In its strongest statement to date, the panel warns of a potential temperature rise up to 6.4C, sea level rise up to 43cm, Arctic summer ice to disappear within the second half of this century, and an increase to the increase we're already seeing in heat waves and tropical storm intensity.
The report condenses information from the three major reports produced by the IPCC:
Working Group I: Physical Science Basis
Working Group II: Impacts, Adaptation and Vulnerability
Working Group II: Mitigation of Climate Change
The Synthesis Report will be introduced by U.N. Secretary General, Ban Ki-moon, in a statement to the 450 delegates of the 27th Session of the Intergovernmental Panel on Climate Change (IPCC). The Session is being held this week in Valencia, Spain, a region which is currently experiencing a loss of available water due to its diminishing reservoir (see: 43 percent of the United States).

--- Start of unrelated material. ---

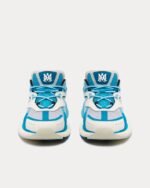 Amiri MA Sky Blue - Imagen 2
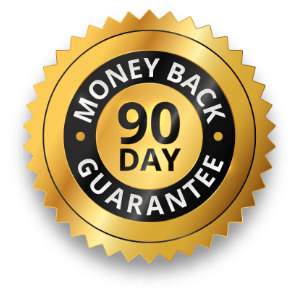 Money Back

The Synthesis Report will cover the following topics:
- Observed changes in climate and its effects
- Causes of change
- Climate change and its impacts in the near and long term under different scenarios
- Adaptation and mitigation options and responses, and the inter-relationship with sustainable development, at global and regional levels
- The long term perspective: scientific and socio-economic aspects relevant to adaptation and mitigation, consistent with the objectives and provisions of the Convention, and in the context of sustainable development
- Robust findings, key uncertainties
"Climate change is here, it's impacting our lives and our economies, and we need to do something about it," commented Hans Verolme, director of the climate change programme with the environmental group WWF. "After this report, there are no politicians left who can argue they don't know what climate change is or they don't know what to do about it."

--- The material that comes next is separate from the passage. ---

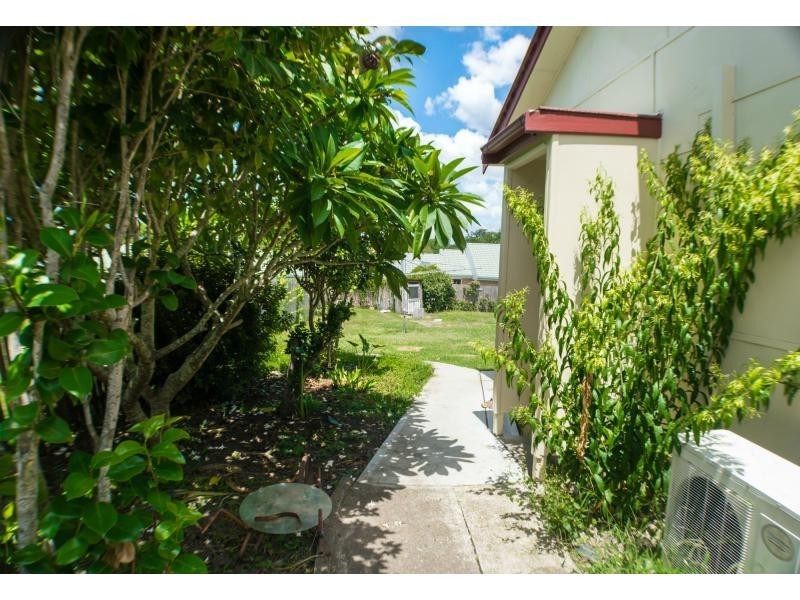 1/104 High Street, Wauchope NSW 2446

Given the unexpected growth in C02 emissions due to the loss of carbon sinks, the aforementioned drought conditions in 43 percent of the U.S., the category-four cyclone that just hit low-lying Bangladesh, it is should not be surprising that the UN report warns of millions that could be affected by rising temperatures and up to a third of all species that could be lost.
Not surprising, perhaps. Alarming, heartbreaking, frightening and frustrating, definitely, and, according to the IPCC and the United Nations, an impact that may happen abruptly and irreversibly if world leaders don't act to counteract climate change at the U.N. IPCC meeting scheduled for Bali this December.